_Recorded data_
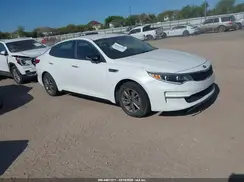 5XXGT4L1XHG169390 2017 KIA OPTIMA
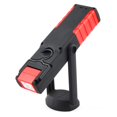 thumbnail image 4 of LED Outdoor Highlight Flashlight Button Highlight Flashlight Highlight Switch Strong Flashlight USB Charging Spotlight Flashlight with XPE COB Beads for Outdoor, 4 of 9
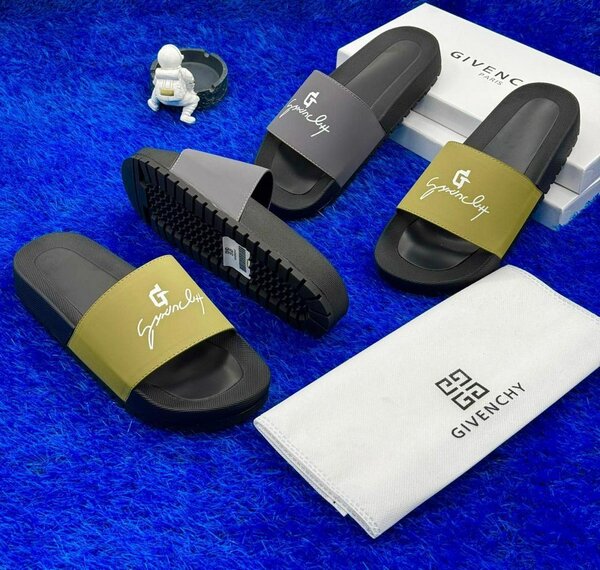 Quality Slides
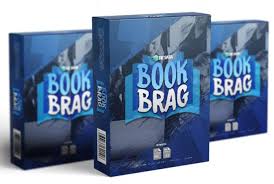 Book Brag Marketing Kit
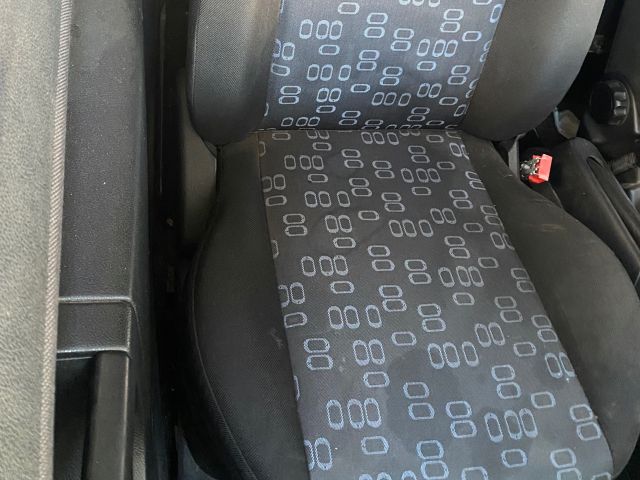 bontott FORD FIESTA VAN Első Ablaktörlő Szerkezet Motorral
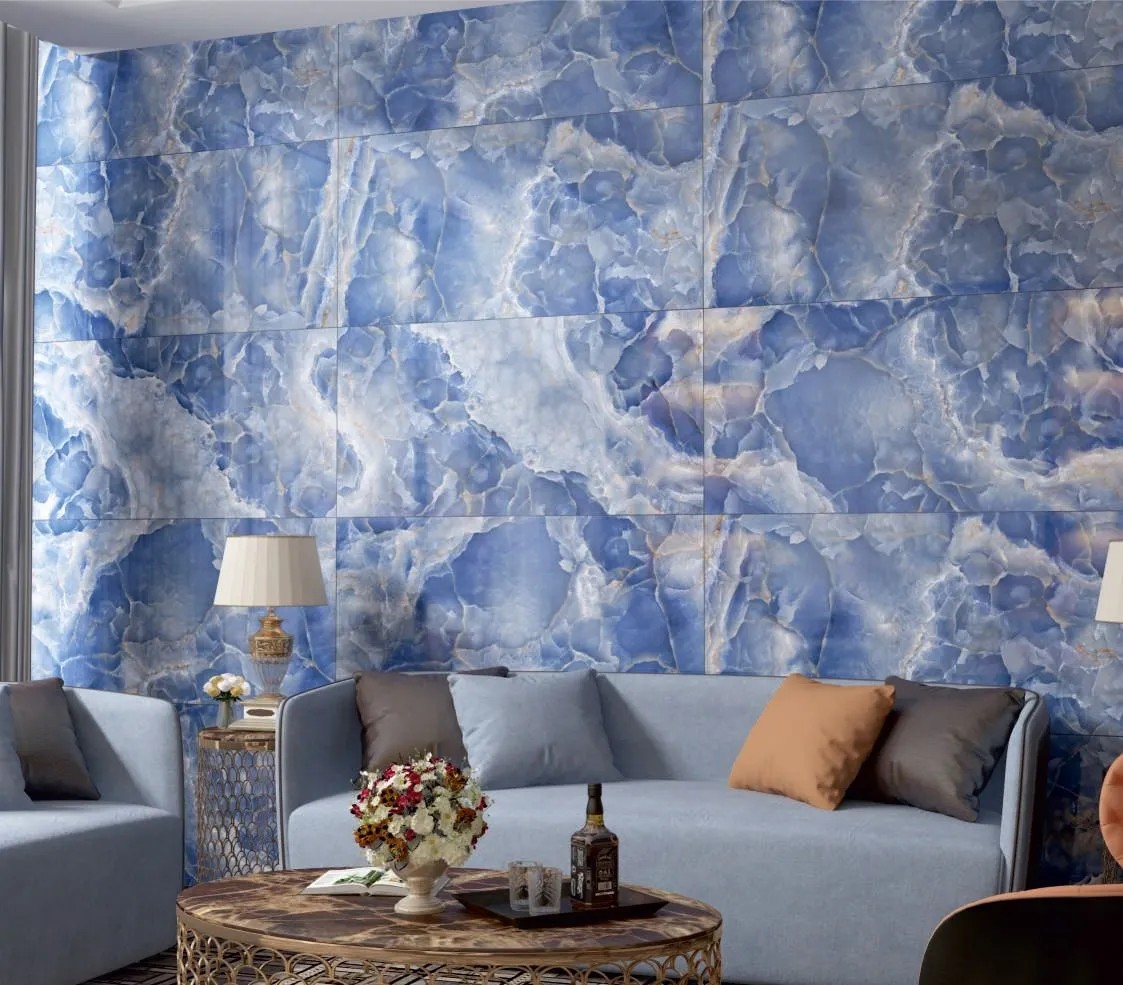 Коллекция керамогранита Луцент Maimoon Ceramica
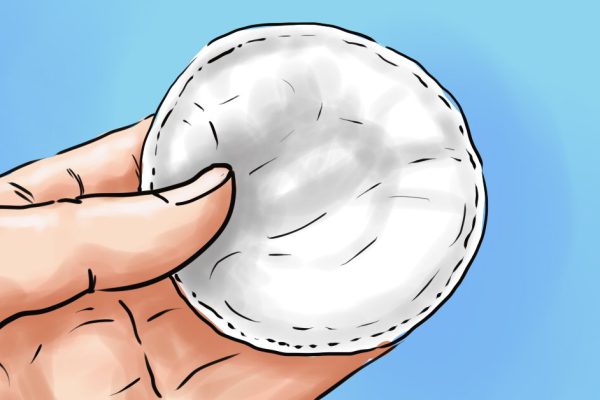 Упражнения при вальгусной деформации стопы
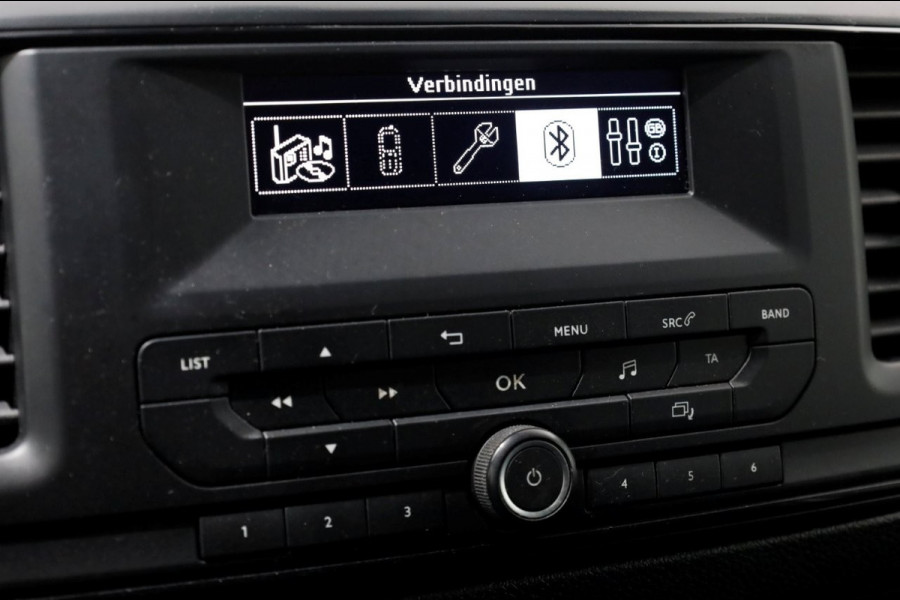 Opel Vivaro 2.0 CDTI 122pk Automaat M Edition Airco/Inrichting 01-2021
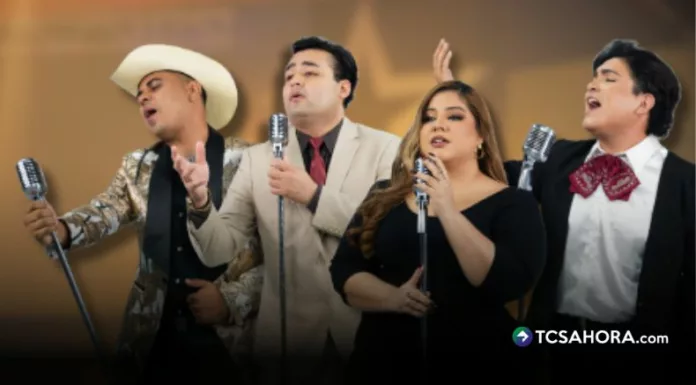 Este domingo 30 de noviembre, el programa más visto del país llega a su última gala. Cuatro finalistas, un premio de $20,000 y una invitada internacional darán paso a una noche decisiva para descubrir al nuevo “Mejor Imitador de El Salvador”.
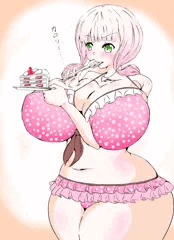 ひまりさんお誕生日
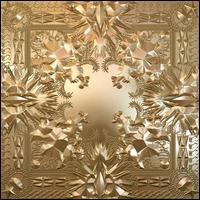 【輸入盤CD】Jay-Z/Kanye West / Watch The Throne (ジェイZ＆カニエ・ウエスト)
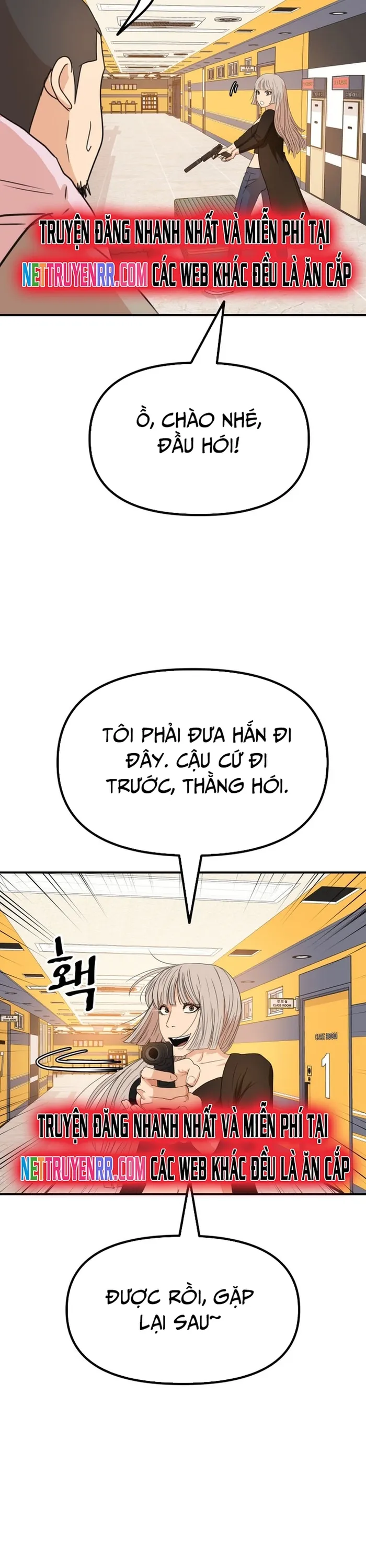 đọc truyện Bạn Trai Vệ Sĩ Chương 141 ảnh 12 tại Thiên Thai Truyện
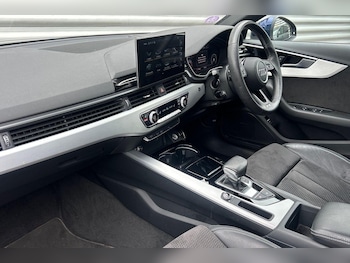 Used Audi A4 2020 for sale - 75478981: Photo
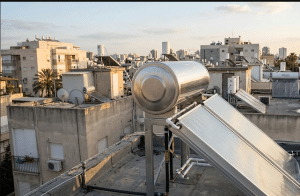 פתרונות חימום מים מתקדמים: הבחירה המקצועית לאיכות חיים וחיסכון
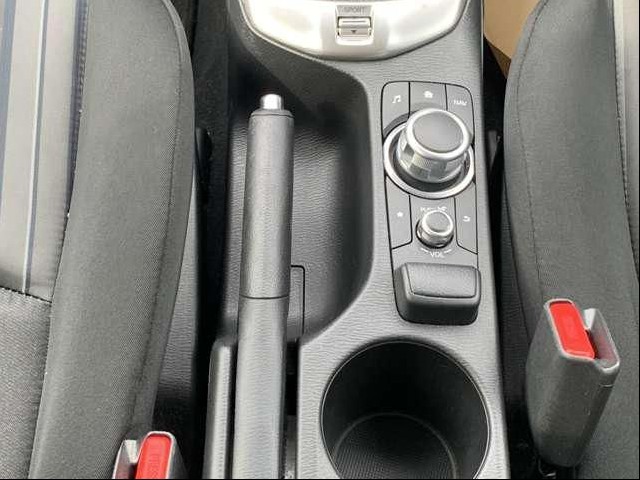 MAZDA MAZDA2 2022 Image 19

_Exercise objective_
Here the lines from the one with "Opel Vivaro 2.0" through the last line of the data above need to be repeated exactly, both included, and any picture omitted.

_Answer_
 Opel Vivaro 2.0 CDTI 122pk Automaat M Edition Airco/Inrichting 01-2021
 Este domingo 30 de noviembre, el programa más visto del país llega a su última gala. Cuatro finalistas, un premio de $20,000 y una invitada internacional darán paso a una noche decisiva para descubrir al nuevo “Mejor Imitador de El Salvador”.
 ひまりさんお誕生日
 【輸入盤CD】Jay-Z/Kanye West / Watch The Throne (ジェイZ＆カニエ・ウエスト)
 đọc truyện Bạn Trai Vệ Sĩ Chương 141 ảnh 12 tại Thiên Thai Truyện
 Used Audi A4 2020 for sale - 75478981: Photo
 פתרונות חימום מים מתקדמים: הבחירה המקצועית לאיכות חיים וחיסכון
 MAZDA MAZDA2 2022 Image 19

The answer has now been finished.